The syndicate was headed by a Singaporean known as Ah Chai Teo, along with Huang Chen, a Taiwanese, Lim Hoi Chung, a HongKong-British national, Chen Qwee Khai, another Singaporean, and Chen Zhi Quiang, a Chinese national, Police Director Samuel Pagdilao, CIDG Director, said in a press conference.
Ah Chai Teo, alias Aceteo, was found to be an illegal resident and a businessman in the country, AMLC officials said.
Several Filipino cohorts were identified as Romy Diaz Flores, retired policeman Guerrero Villacorta, Maryann Vasquez Basan, Pacido Ramos, and Janet Villareal, Pagdilao said.
The modus operandi of the syndicate was to attract foreign scrap metal buyers to buy large amounts of scrap metal but to later replace the scrap metal with garbage, rocks, and concrete as it was being shipped.

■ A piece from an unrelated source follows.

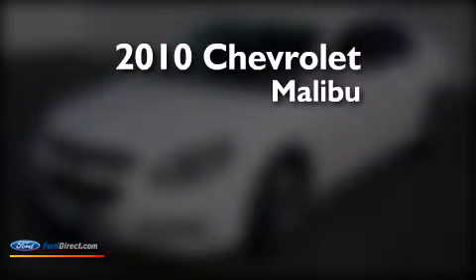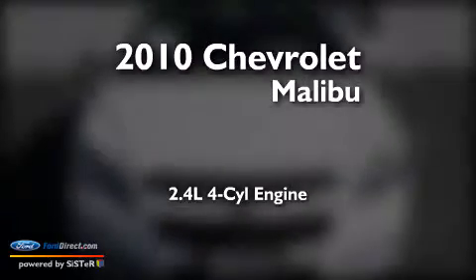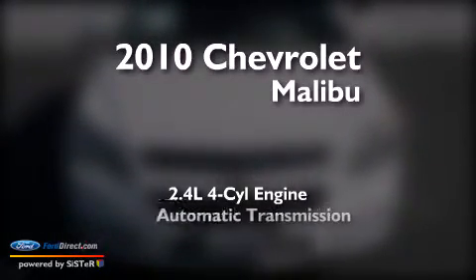This is a 2010 Chevrolet Malibu. It features a 2.4-liter, four-cylinder engine and an automatic transmission.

One of the businessmen who had been victimized was Lin Shang Yin from China. Yin had ordered 346.129 metric tons of copper wires from Zephyr Metal Trading, one of the syndicate’s fronts, in February 2011 at $7,000 per metric ton for a total of $2,422,903.
Yin came to the warehouse of the syndicate to seal the deal and to witness the scrap metal loaded into a shipping container and sealed.
During the shipping of the container, however, its doors were dismantled at the hinges so as not to break the seal, the copper wires were unloaded and replaced with rocks, concrete, and garbage, and then the door was bolted again.
Aceteo’s group required half of the payment to be paid after the scrap metal was loaded and sealed inside the container and the other half as the shipment was in transit.
When the shipping container had arrived and was opened, the victim realized he was defrauded by the syndicate.
The syndicate had created several shell firms as a front as well as a couple of legitimate corporations that were used to launder money.
Investigators had found out that the syndicate has been using the same modus operandi for more than 10 years meaning there are more likely many other foreign companies that have been victimized.
CIDG has already filed a case of syndicated estafa against all suspects before the Department of Justice. More than 150 personal and corporate bank accounts have already been frozen, Pagdilao said.
They were able to trace the money trail with the help of the banks and the AMLC, he added.
Aceteo was found to have left the country on February 2, 2012 according to data from the Bureau of Immigration and Deportation. Two other members, Lim Hoi Chung and Chen Qwee Khai, have also left the country last October 16, 2012 and January 9, 2012.
Pagdilao said that they have already begun coordination with international authorities to help them in determining the locations of the suspects and to apprehend them.